Layla Conway works as a Communities Manager for London Legacy Development Corporation (LLDC) and has witnessed nearly a decade of change across Queen Elizabeth Olympic Park.
A born-and-bred Hackney resident, Layla works with the park’s wide-ranging communities, making sure that young people’s voices are heard by creating opportunities for them to play a role in the Park’s future.
We caught up with Layla to hear about the changes she’s witnessed since 2012, what makes the Park unique and her hopes for its future.
You’ve seen a lot of change since the 2012 Olympics, what do you remember about those first few years following the Games?
In the immediate aftermath, everyone was on such a high because the Games had been such success and captured the nation.
Initially, there was some resistance to the park closing, but people had quickly forgotten that before the Games this wasn’t an area where people would naturally visit there were many derelict industrial buildings and the green spaces were not what we can see today.
Now we’re realising the opportunities that are created for local people and the benefits they bring, with jobs alongside community centres, libraries and schools, which are massive assets to the community.
We’ve also seen a lot of local people buying homes across the park they want to be part of history too, living in the legacy of the London 2012 Olympics.
How important is it to give local communities a say in the park’s future?
As a Hackney resident, I feel very connected to East London and I’m really excited by the opportunities that regeneration can bring.
I’m passionate about communities and young people they’re the future of this place and the ones who will drive it forward for years to come.
A key part of my work is making sure that whatever is being created homes, businesses or social facilities has been designed for them too, as they will have an integral role in the area’s future success.
I think we’ve done a great job developing interim uses across the Park; we’ve already delivered great community projects like Hub 67, a mobile food garden and sports pitches and equipment, and there’s more of this to come.
The Legacy Youth Voice initiative has also been a great success. Some people have been involved in this for 12 years now and have had an integral role shaping how things look today. Youth ownership and a sense of belonging is something to be really proud of.

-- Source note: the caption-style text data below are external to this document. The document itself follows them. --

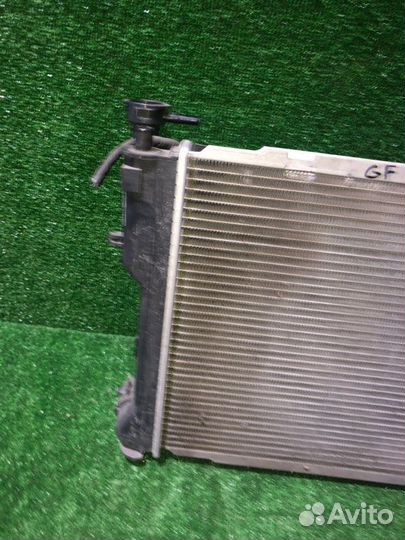 Радиатор двигателя / радиатор основной Mazda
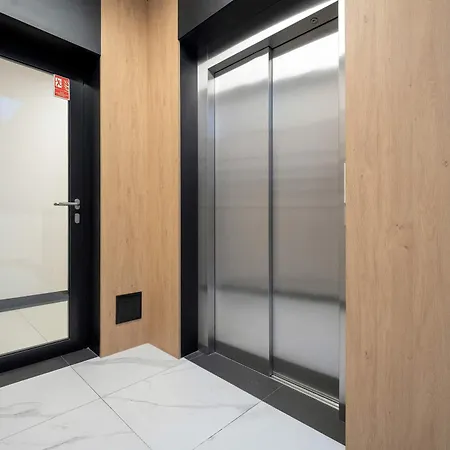 Spacious With Parking & Balcony By Renters 公寓 罗兹
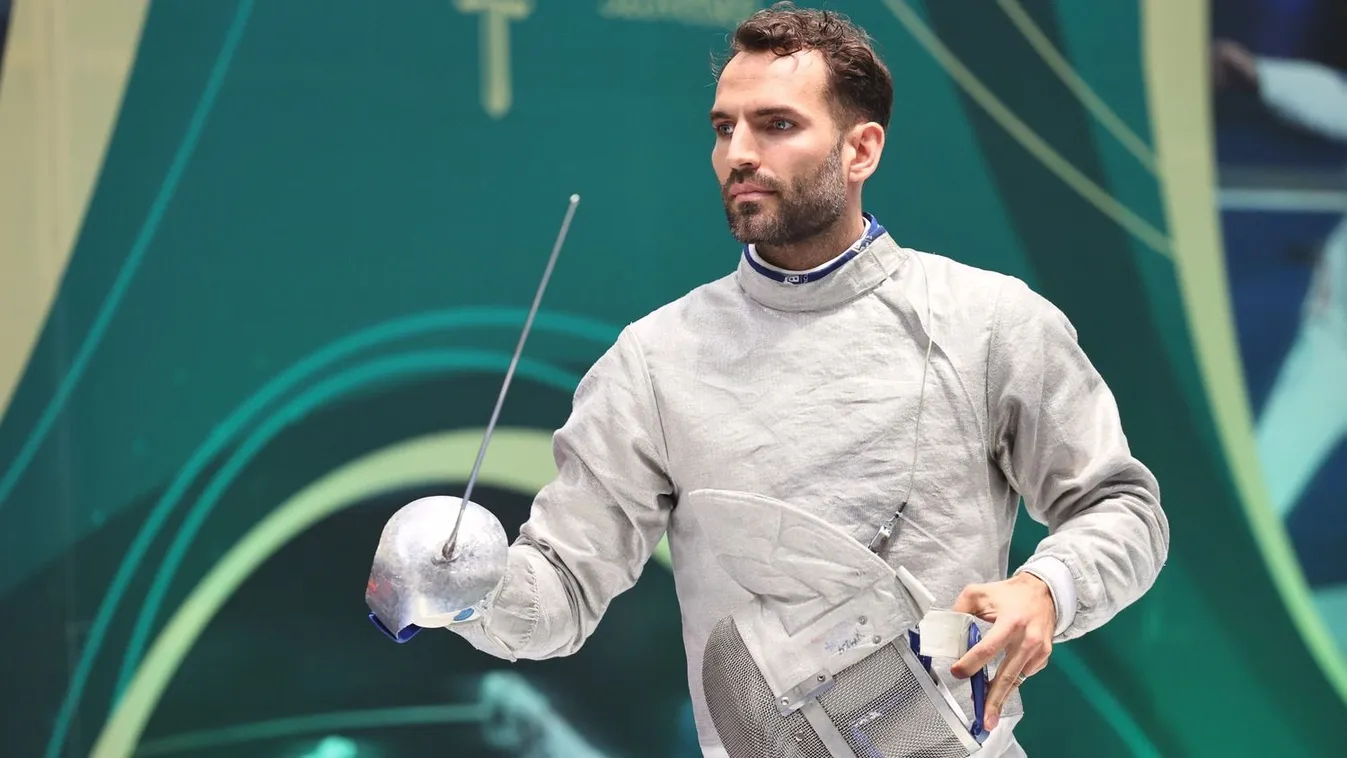 Ezt tette Szilágyi Áron a történelmi nap előt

What do you hope the next ten years look like?
The Park’s emerging as a new piece of London, and there’s been a huge amount of investment in the places and people that call it home.
For me, we will be judged on how the park becomes stitched into the wider community. I want it to continue to grow into somewhere that becomes rooted with its own sense of place, whilst contributing to the rest of the regeneration taking place across East London.
With East Bank expected to bring an additional 1.5m visitors to the park each year, I want to see local people being part of this growth and proud of their role in it.
We thought long and hard about how to build these homes, and we want families to move here and stay here.
East London is a place of invention, where new things are tried and tested. If today’s young people are at the heart of it 10 years from now, we’ve done our job correctly.
What do you love about the area?
The fact we’re surrounded by waterways is an incredible asset. There’s a real sense of vibrancy and energy here, it’s so mixed and so diverse. In Hackney Wick you really feel that people can be themselves.